A new study casts doubt on the idea that high capital gains taxes discourage businesses from investing. According to the Institute for Socioeconomic Research and Information (IRIS) and the Center for Future Work (CFW), the best period for technology investment in Canada is when the inclusion rate exceeds 60%.
Effective June 25, the taxable share of capital gains on property sales for corporations and trusts is now 66.7%, up from 50%. For individuals, the same inclusion rate applies only to the portion of capital gains (sales of shares or real estate) realized in the year that exceeds $250,000.
Many voices in the business world have been raised against this tax measure announced in the last federal budget in the spring. Stakeholders representing the entrepreneurial community believe this will harm the Canadian economy and slow investment in the country.
The study was co-published on MondayIRIS And the CFW Rather than implying that Corporate investment cost is different from capital gains tax
.
Based on data from Statistics Canada, the two firms observed the largest technology investments in the country at 66.7% or 75%, respectively, between 1988 and 2000.
Canadian businesses spend about 7 or 8% of total spending on machinery, tangible assets and intellectual property. GDP of the country during this period.
According to the study, this share stabilizes at 6% between the years 2000 and 2024, when the enrollment rate drops to 50%.
Secondary variable
Scientific literature Unanimously, a company's tax policy is one factor among many other factors that influence investment decisions
says researcher Colin Pratte atIRIS.
In fact, this is often a secondary variable that comes after other considerations, so changes considered for businesses are not detrimental to the Canadian economy.
He managed in an interview.
According to him, the new enrollment rate indicates Catching up after decades of economic decline
.
Since 1980, the corporate tax rate in Canada has decreased by 60%. Compared to the G7 countries, Canada has the lowest effective corporate tax rate. This is around 15%, while the G7 countries average is 25%.
Today, Canada is an attractive tax haven for businesses because the current regime is business-friendly.
The researcher stated.
“The current regime is complacent towards businesses,” says researcher Colin Pratte. (archive photo)
Photo: Radio-Canada / Ivanoh Demers
l'IRIS And the CFW It has also been argued that the companies making the most capital gains come from the financial and real estate sectors. Environments with track records in terms of employment generation Very poor
Mr. Pratte said.
In 2022, various arbitrage activities will bring in capital gains of about $30 billion, which is more than one-third of the entire economy, the study suggests.
In the same year, real estate accounted for more than a quarter of capital gains with a total of $23.5 billion, accounting for $5.8 billion for the construction sector.
1.5% are wealthy
This study attempts to dispel several misconceptions or arguments surrounding the new capital gains tax. In particular, she argued, the shift would hurt the middle class.
Among individuals, those most affected are taxpayers with the highest incomes, earning more than $250,000. [par année]. Most of them (61%) had personal capital gains in 2021. According to the report, on average they recorded a profit of about $360,000 after the sale of assets.
Among taxpayers with income between $100,000 and $250,000, the average drops to $38,000. In the $50,000 to $100,000 bracket, the total is less than $13,000.
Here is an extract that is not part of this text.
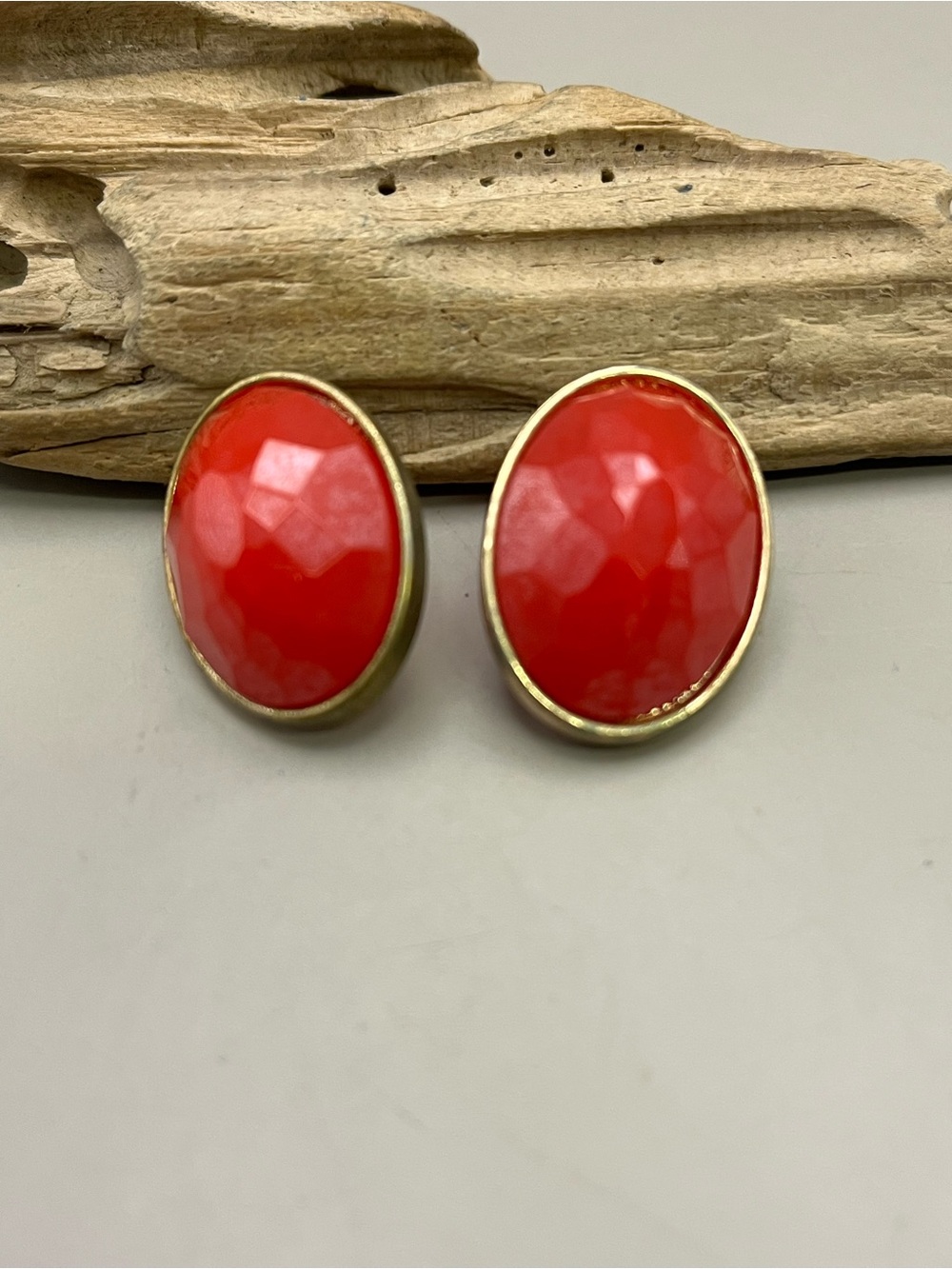 Red Oval Faceted Cabochon Stud Earrings Gold Tone Bezel Set Statement Studs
To be affected by the measure announced by the federal government, capital gains must exceed $250,000. So, we are well below this limit
Mr. Pratte argued.
People who can claim to have more than $250,000 in capital belong to the wealthiest 1.5% of society.
According to the researcher, the change in enrollment rate will benefit the middle class.
The additional tax amounts that the state receives from the wealthiest members of the society can be reinvested for the population or in better services. [permettre] Government investment to address the crises of our time, be it the cost of living crisis, the housing crisis or the environmental crisis
Mr. Pratte said.
The Trudeau government estimates the move will bring more than $19 billion to the coffers over five years. The Parliamentary Budget Officer calculated the additional funding would be in the order of $17.4 billion.